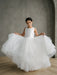 Teter Warm Girls Off-White Pearl Communion Dress displayed on a young girl standing indoors.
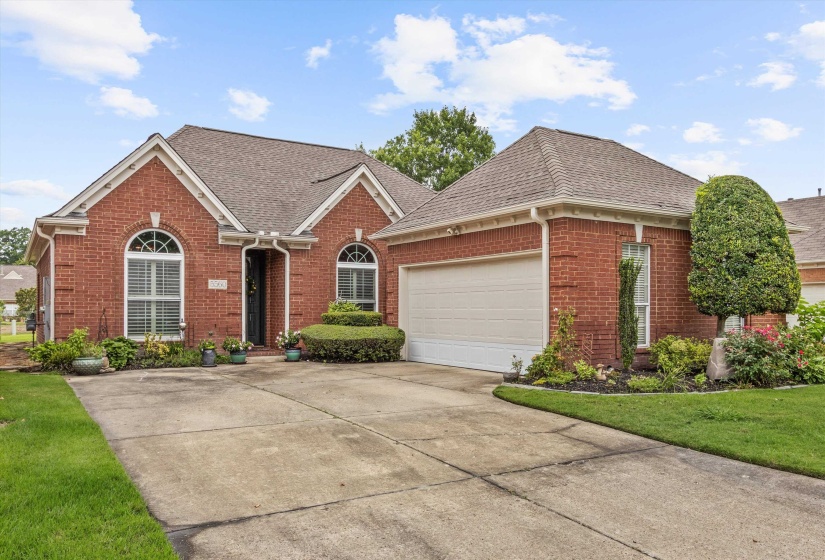Red brick exterior with white trim, arched windows, and an attached garage
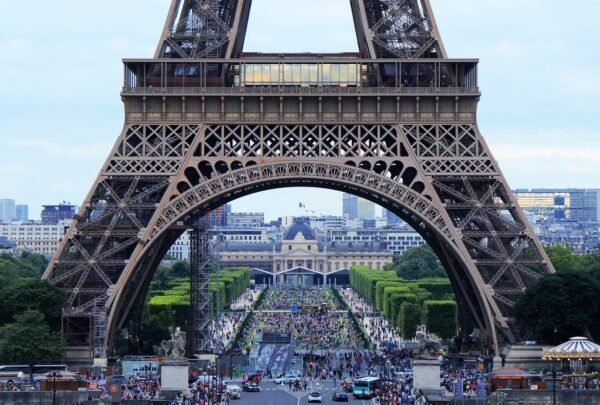 View through the Eiffel Tower arch towards the city of Paris
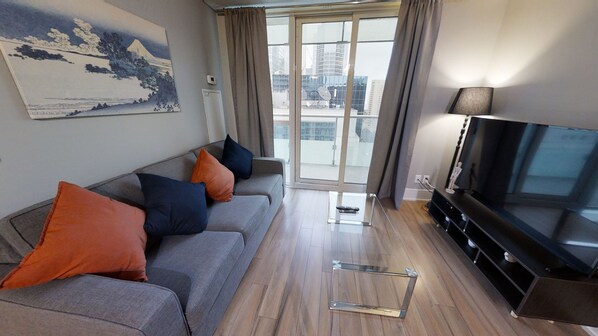 Un salon moderne avec un canapé gris, des coussins orange et bleus, une table basse en verre, un téléviseur à écran plat et une grande fenêtre donnant sur la ville.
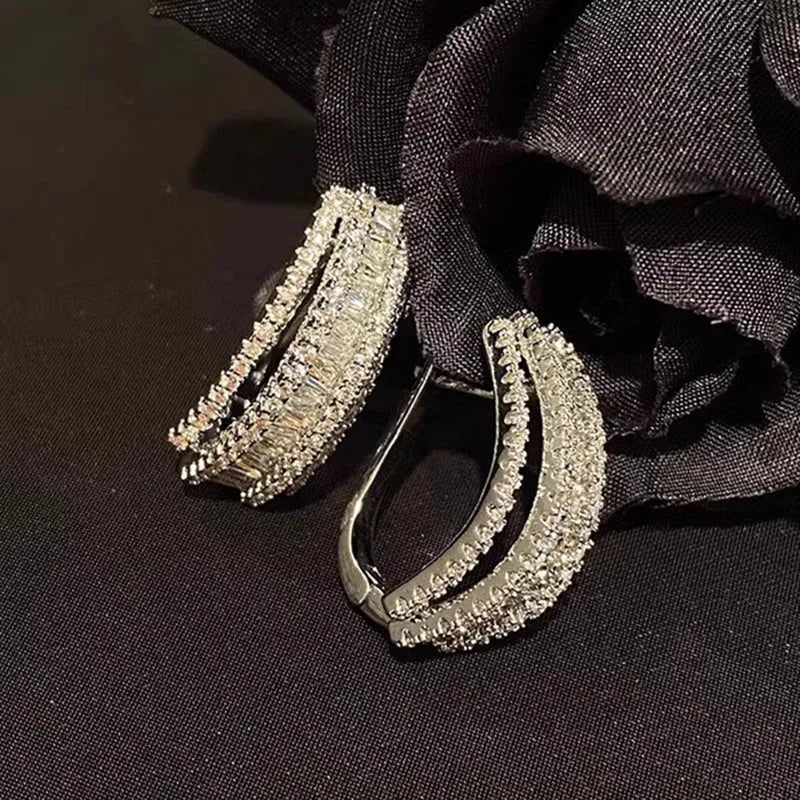 A pair of women's geometric stud earrings with inlaid zircon stones in a white gold colour finish.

> **Task to complete**: Pictures aside, write out verbatim every line from the first line of the material through the line holding "View through the".

> **Solution for this task**:
 Teter Warm Girls Off-White Pearl Communion Dress displayed on a young girl standing indoors.
Red brick exterior with white trim, arched windows, and an attached garage
 View through the Eiffel Tower arch towards the city of Paris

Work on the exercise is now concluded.